Belmont Club

After the smash

After the smash
(AP Photo/Laurent Cipriani)

After several ominous rumbles outside the tower the individual creaks have finally merged into a continuous roar. Brexit, the defeat of Hillary Clinton, the crumbling of the Iran deal, America quitting UNESCO, Trump dismantling Obamacare, consular withdrawal from Cuba, the pullout from the Paris accord — these have piled on so fast they’ve acquired the character of a single collective event. Now the fall of Hollywood has followed like the inevitable comedic boulder right on Wile E. Coyote’s head at the bottom of the gulch. Are we still in Kansas anymore?


It’s becoming increasingly hard to believe the world can return to the status quo ante, even if Trump is impeached.  It’s too far gone.  A whole landscape has vanished seemingly overnight going from the post-Cold War to the post-post Cold War; from a post-Modernist culture to post-everything in the blink of an eye.  Even the political scene is unrecognizable.  The Republican party is in shambles; the Democrats in disarray.
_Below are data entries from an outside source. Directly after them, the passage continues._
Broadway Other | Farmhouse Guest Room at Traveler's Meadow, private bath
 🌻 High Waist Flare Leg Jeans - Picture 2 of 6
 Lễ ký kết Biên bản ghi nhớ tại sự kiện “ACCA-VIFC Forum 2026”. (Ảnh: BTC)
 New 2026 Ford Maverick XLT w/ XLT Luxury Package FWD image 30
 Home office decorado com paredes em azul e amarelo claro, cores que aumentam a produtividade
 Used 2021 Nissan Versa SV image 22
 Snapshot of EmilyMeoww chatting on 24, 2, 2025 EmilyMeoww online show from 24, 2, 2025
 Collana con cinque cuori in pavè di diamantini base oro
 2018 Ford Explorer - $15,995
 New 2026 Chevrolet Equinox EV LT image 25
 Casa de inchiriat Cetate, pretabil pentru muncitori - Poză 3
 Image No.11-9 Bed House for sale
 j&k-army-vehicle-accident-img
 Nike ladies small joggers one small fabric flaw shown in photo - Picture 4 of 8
It is as if a demolition crew has cleared a site leaving only a vacant lot.  Some ask “when are the builders due?” Others more ominously ask “when are the zombies due?”

Nobody quite knows whether a new shopping mall or a giant haunted house will rise next. The “world” is still digging itself out of the rubble, picking itself up from the smash, alert for any more avalanches.  As Nietzsche put it: the comprehension of the biggest events requires a delay. “Lightning and thunder require time; the light of the stars requires time; deeds, though done, still require time to be seen and heard.”

Yet some conjectures about what comes next can be made even at this early stage. The past will continue but differently. The intertwining of nations will surge on driven by improvements in transportation and communication but it will no longer be tightly controlled by the old “world institutions”.  UNESCO may be one of the first post-1945 institutions to implode, it will not be the last.  Gramsci marched right through the institutions and clear off the cliff on the other side with the buildings tumbling after him. The established secular church of the Western left has fallen; it is now just another religion, like Christianity, Buddhism or Islam. Its special status as the high priesthood of the quasi-scientific Future is gone.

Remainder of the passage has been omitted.